The spectrum of guanidinium-induced destabilizing conditions at a fixed pH suggests that fibril formation is a conformation-dependent process, with some limited degree of unfolding and destabilization required without complete denaturation to a random coil state in order to expose the critical interaction domains required for oligomerization. SOD1 variants with higher stability were able to form fibrils over a broad range of fibrillization conditions but with a predictable trend whereby denaturing activity was inversely proportional to lag time for fibril formation, This was consistent with the work of Oztug-Durer and colleagues [41] who showed the lag time for fibril formation was shortened with increasing GdnHCl concentration.

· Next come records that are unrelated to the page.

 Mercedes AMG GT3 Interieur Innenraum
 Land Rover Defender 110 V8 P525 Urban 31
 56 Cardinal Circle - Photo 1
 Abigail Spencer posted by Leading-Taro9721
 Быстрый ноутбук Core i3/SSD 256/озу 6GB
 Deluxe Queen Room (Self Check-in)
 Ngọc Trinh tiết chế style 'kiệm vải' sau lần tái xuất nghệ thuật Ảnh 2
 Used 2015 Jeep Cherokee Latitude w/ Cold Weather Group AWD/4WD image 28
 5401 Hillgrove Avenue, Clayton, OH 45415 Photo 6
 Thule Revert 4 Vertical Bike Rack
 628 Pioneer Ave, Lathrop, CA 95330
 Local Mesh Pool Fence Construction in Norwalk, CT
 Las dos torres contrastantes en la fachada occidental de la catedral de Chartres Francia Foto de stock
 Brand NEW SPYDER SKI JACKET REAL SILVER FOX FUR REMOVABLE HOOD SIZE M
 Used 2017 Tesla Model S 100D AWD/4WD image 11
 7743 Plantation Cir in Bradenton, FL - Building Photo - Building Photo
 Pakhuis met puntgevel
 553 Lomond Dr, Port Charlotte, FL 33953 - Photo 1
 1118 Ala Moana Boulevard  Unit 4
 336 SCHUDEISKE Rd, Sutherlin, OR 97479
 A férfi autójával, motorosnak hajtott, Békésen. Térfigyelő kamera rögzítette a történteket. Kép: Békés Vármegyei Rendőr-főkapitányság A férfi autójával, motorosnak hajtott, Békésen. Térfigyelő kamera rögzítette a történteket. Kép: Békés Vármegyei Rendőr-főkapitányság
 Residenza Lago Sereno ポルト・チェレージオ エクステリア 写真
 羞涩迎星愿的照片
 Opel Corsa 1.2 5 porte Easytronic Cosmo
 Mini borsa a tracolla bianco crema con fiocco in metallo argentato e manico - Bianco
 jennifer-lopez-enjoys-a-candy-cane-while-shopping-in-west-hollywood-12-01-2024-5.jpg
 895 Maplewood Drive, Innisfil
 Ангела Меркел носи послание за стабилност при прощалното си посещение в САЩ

This could also explain why G85R, which is markedly destabilised compared to the wildtype protein (Figure S1, Spectroscopic characterisation by far and near UV circular dichroism), failed to form fibrils at pH4, 0.5M GdnHCl, in the presence of any denaturant. It is likely that in the presence of GdnHCl, G85R may undergo excessive unfolding, thus losing the capacity to adopt the correct misfolded conformation needed for oligomerization. Even at pH5.0, G85R is already significantly destabilised which reduces the likelihood of G85R favourably adopting or misfolding to the correct propagating conformation, thus, rendering G85R less responsive, in comparison to other more stable SOD1 variants, to the presence of a template in promoting fibrillar growth.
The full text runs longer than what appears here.